> Aim of the task: Your answer should hold exactly the lines below from the line with "A grow light" through the line with "清明节踏青赏花旅游推荐 3月至4月国内踏春赏花好去处", both included, and no pictures at all.

(Brief descriptive captions)
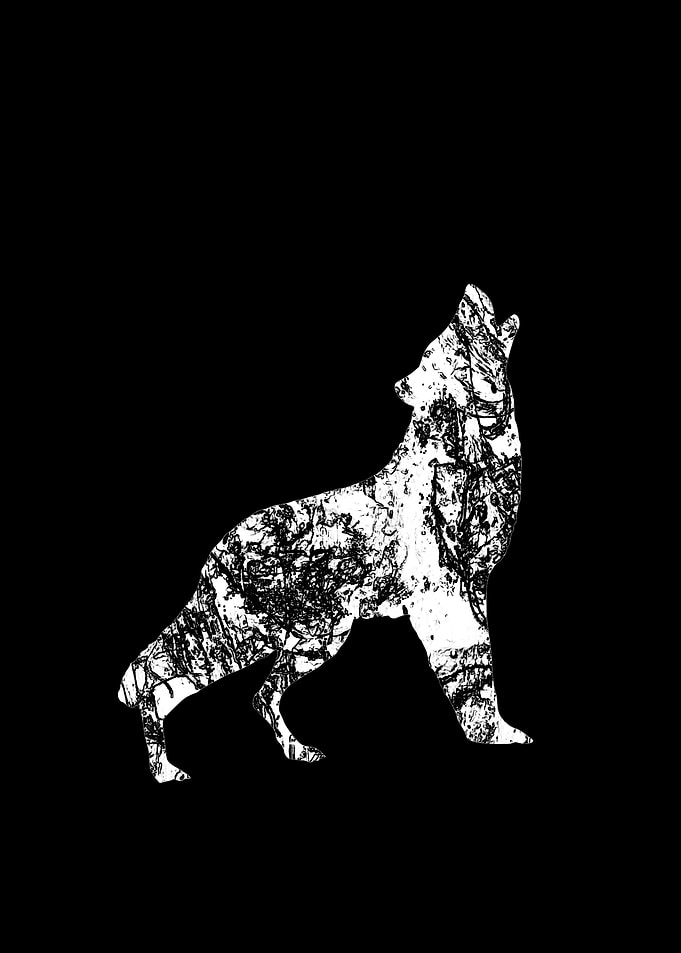 Loup Noir et Blanc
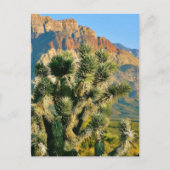 Cactus Tree Briefkaart (Voorkant)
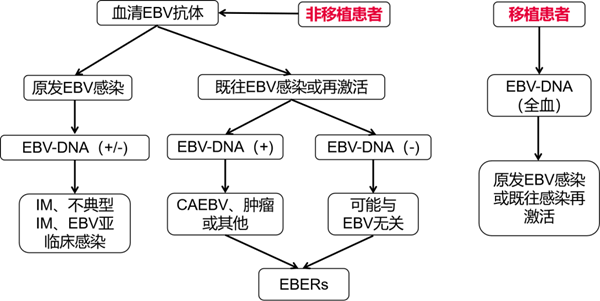 PariMatch拼搏(中国)体育官方网站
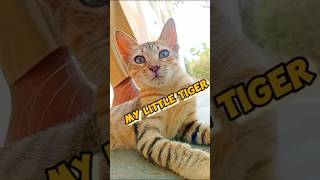 Cute Cat like a little tiger 🥰| Cat video | #kitten #meow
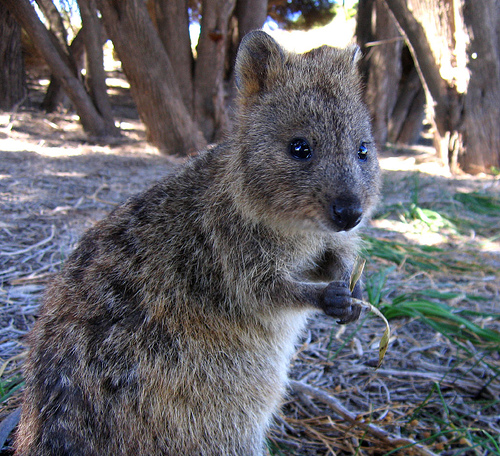 A dead-set Northern Quokka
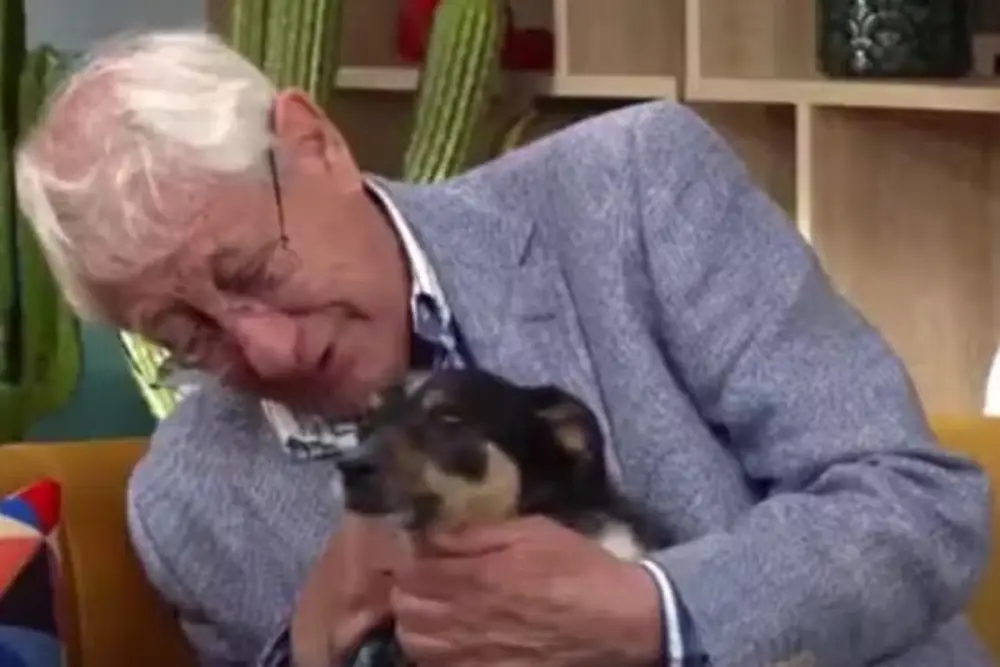 Idoso de 80 anos emociona ao pedir que adotem seu cachorro: "Me perdoe"
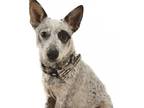Adopt Rio a Merle Australian Cattle Dog / Mixed dog in Rocklin, CA (37353536)
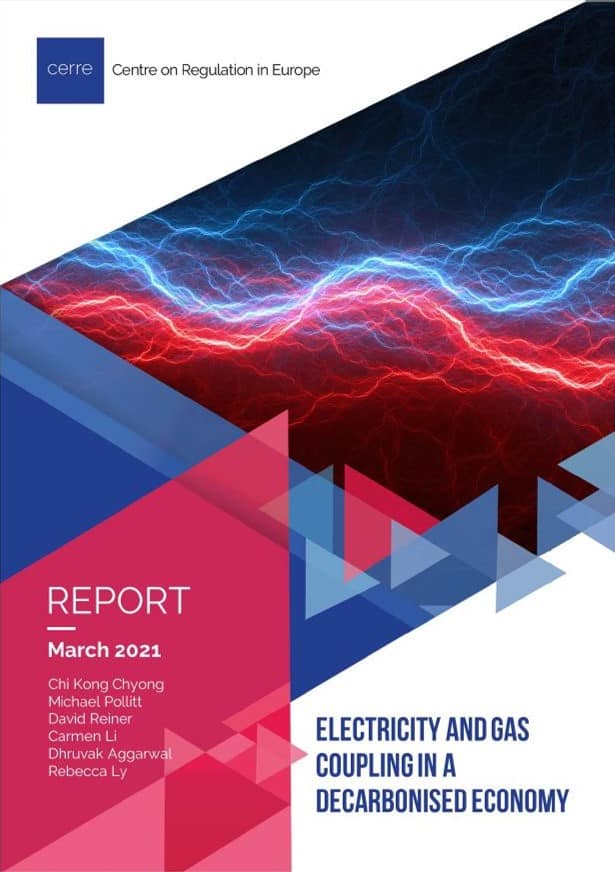Electricity And Gas Coupling In A Decarbonised Economy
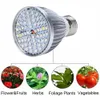 A grow light bulb is shown above four circular images of plants: flowers and fruits, herbs, foliage plants, and vegetables. Náhľad obrázku produktu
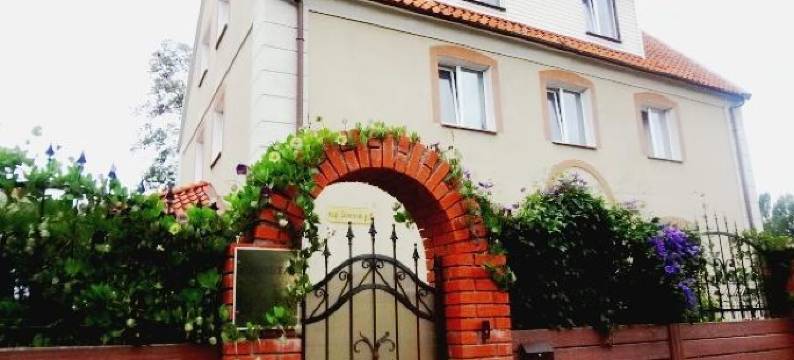 Guest House Delta图片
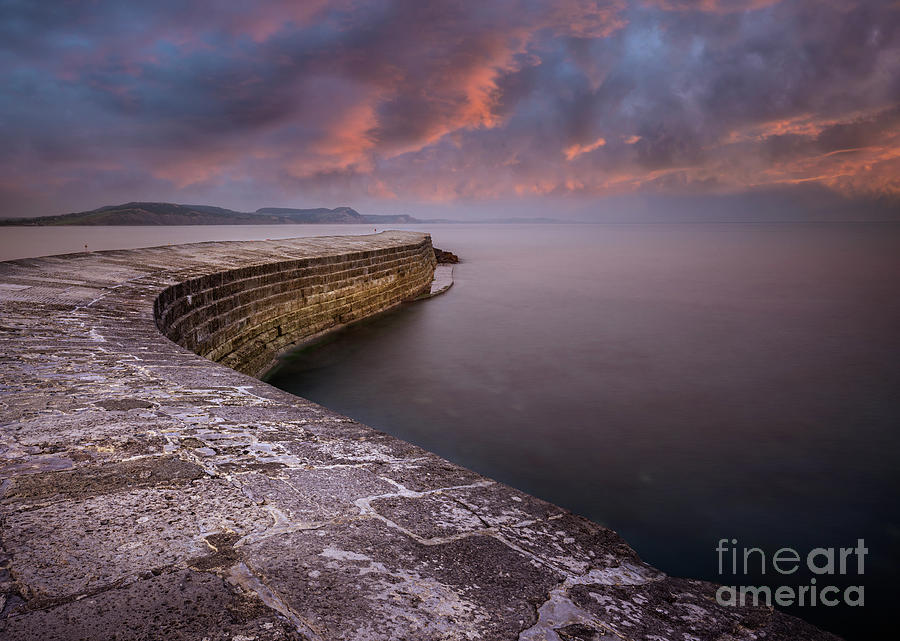 Sunset over the Cobb, Lyme Regis, Dorset, England Photograph by Neale And Judith Clark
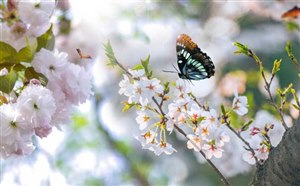 清明节踏青赏花旅游推荐 3月至4月国内踏春赏花好去处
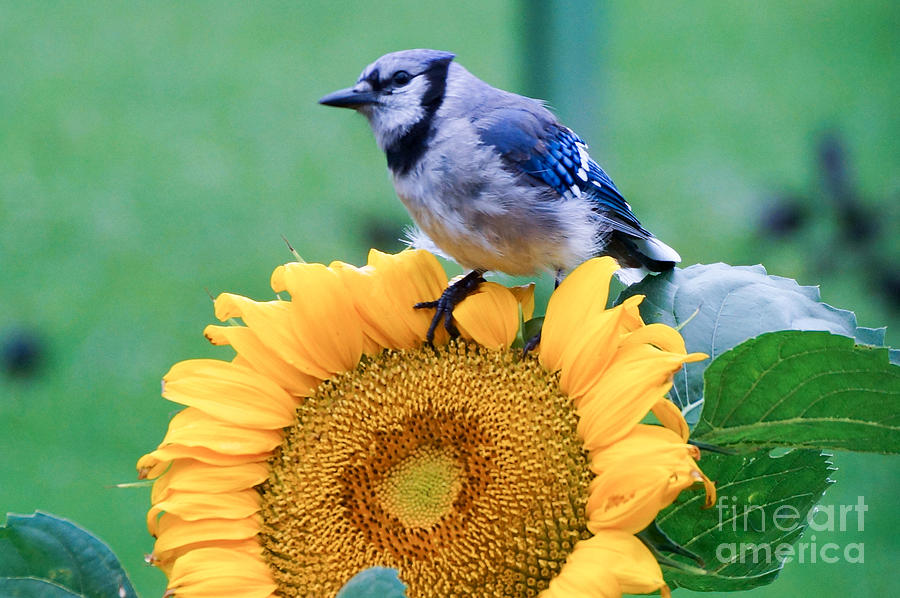 Blue Jay On Sunflower Photograph by Cathy Sullivan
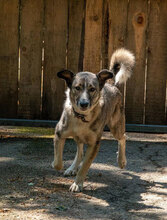 NELKO, Hund, Mischlingshund in Bulgarien - Bild 4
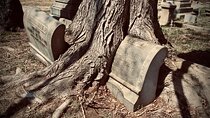 Philadelphia's Forgotten Dead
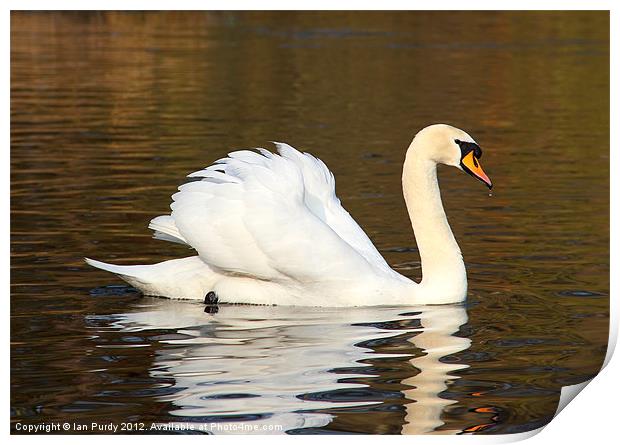Swan cruising on lake Print by Ian Purdy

> Solved problem:
 A grow light bulb is shown above four circular images of plants: flowers and fruits, herbs, foliage plants, and vegetables. Náhľad obrázku produktu
 Guest House Delta图片
 Sunset over the Cobb, Lyme Regis, Dorset, England Photograph by Neale And Judith Clark
 清明节踏青赏花旅游推荐 3月至4月国内踏春赏花好去处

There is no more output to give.